(Web page caption snippets)
====

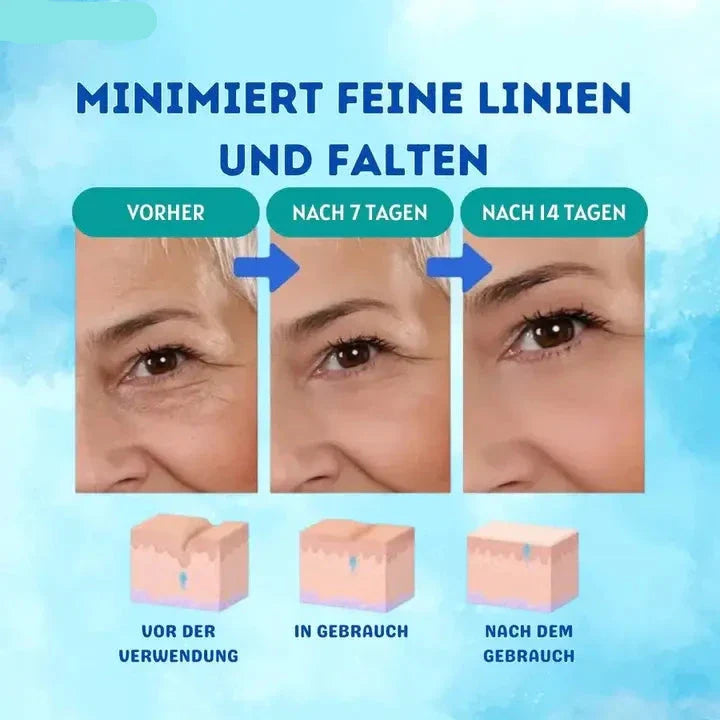 Botox™ Pro | Durst nach Glanz stillen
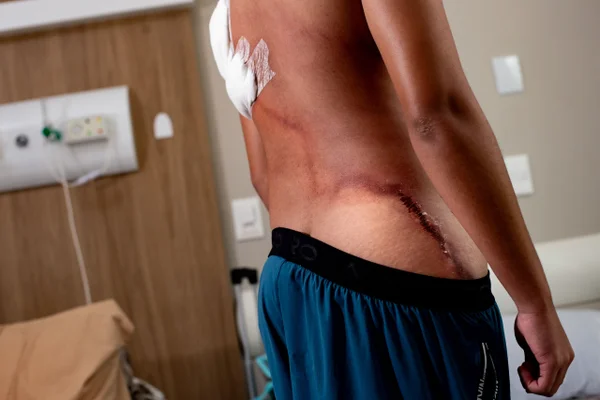 O adolescente Eduardo Linhares, 17 anos, mostra as queimaduras sofridas por queda de raio durante a manifestação de Nikolas Ferreira, na Praça do Cruzeiro em Brasilia Metrópoles 1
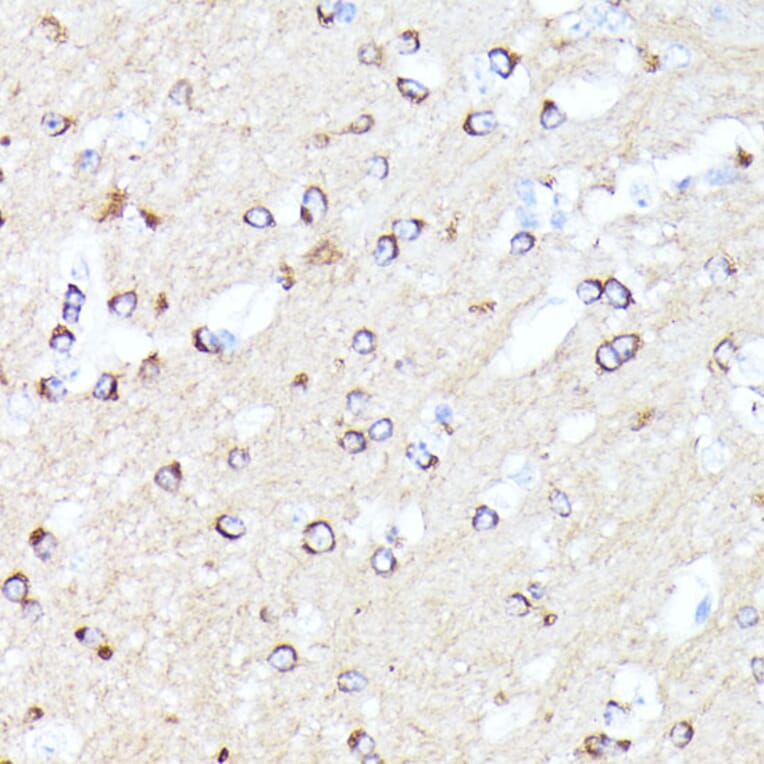 Immunohistochemistry - Anti-CCDC6 Antibody (A90564) - Antibodies.com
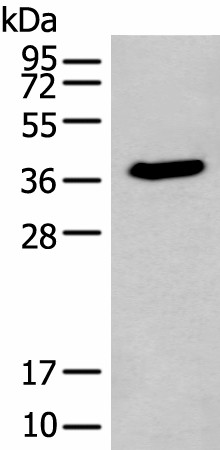 Western blot analysis of HEPG2 cell lysate  using ACBD4 Polyclonal Antibody at dilution of 1:400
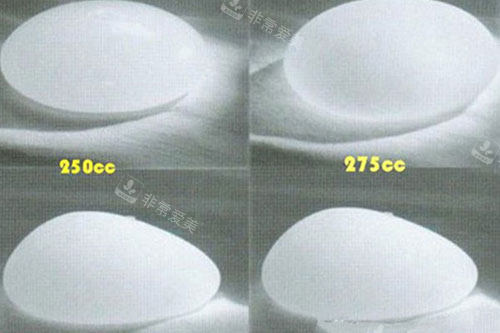 隆胸假体型号示意图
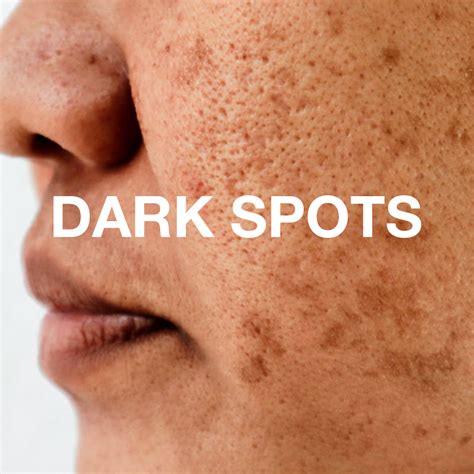 The Science Of Dark Spots | Causes & Remedies – Soulflower.in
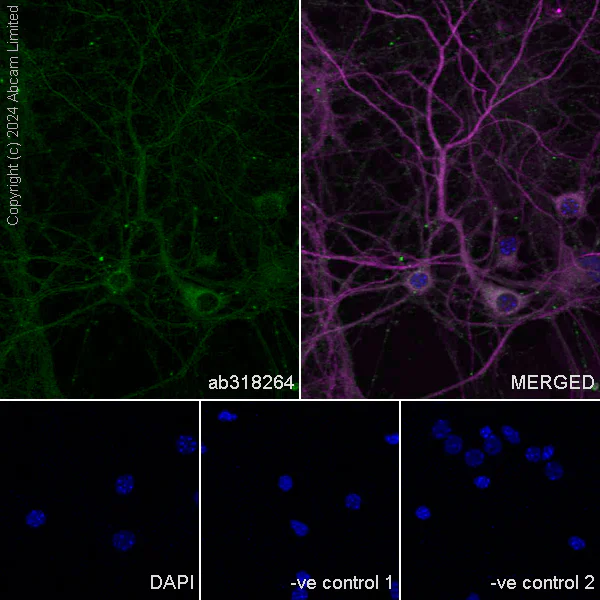 Immunocytochemistry/ Immunofluorescence - Anti-Nogo A + Nogo D antibody [EPR26286-15] - BSA and Azide free (AB318265)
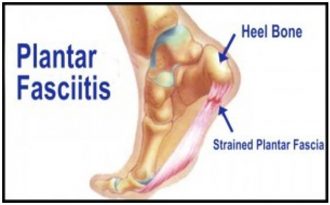 Diagnosis: Plantar Fasciitis | POGO Physio Gold Coast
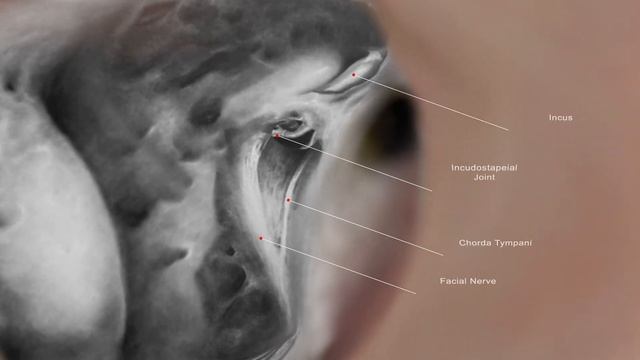 Mastoidectomy Anatomy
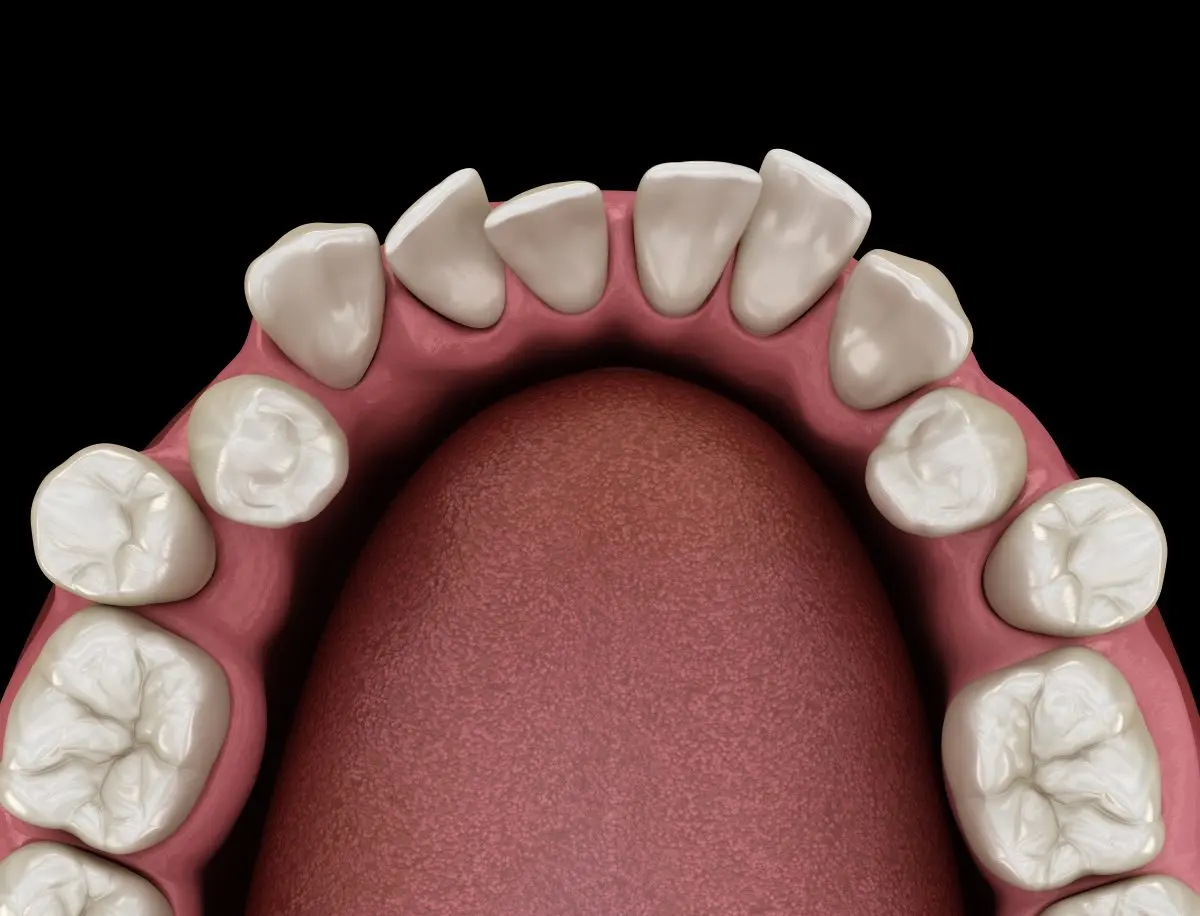 Dental illustration showing crowded and rotated teeth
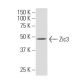 western blotting image from recommended Zic3 (SQ-15) monoclonal antibody replacement. Image 34562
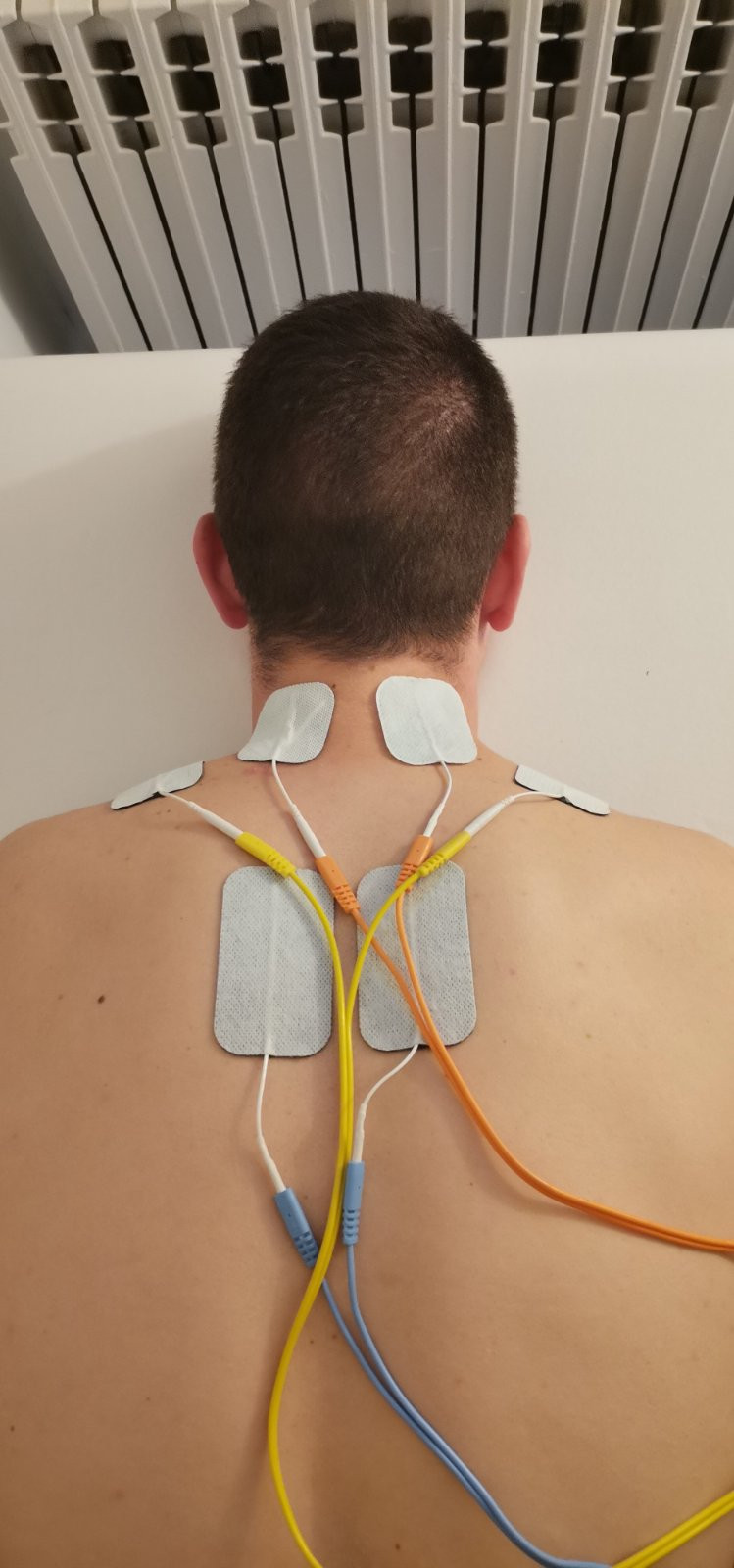 Nervus #banjaluka Terapeutski tretmani Elektroterapija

====

- What to produce -
In the records, the line containing "Immunocytochemistry/ Immunofluorescence - Anti-Nogo" starts the span and the final line ends it. Output exactly that span, both ends included, with no pictures and nothing else.

- Solution for this exercise -
 Immunocytochemistry/ Immunofluorescence - Anti-Nogo A + Nogo D antibody [EPR26286-15] - BSA and Azide free (AB318265)
 Diagnosis: Plantar Fasciitis | POGO Physio Gold Coast
 Mastoidectomy Anatomy
 Dental illustration showing crowded and rotated teeth
 western blotting image from recommended Zic3 (SQ-15) monoclonal antibody replacement. Image 34562
 Nervus #banjaluka Terapeutski tretmani Elektroterapija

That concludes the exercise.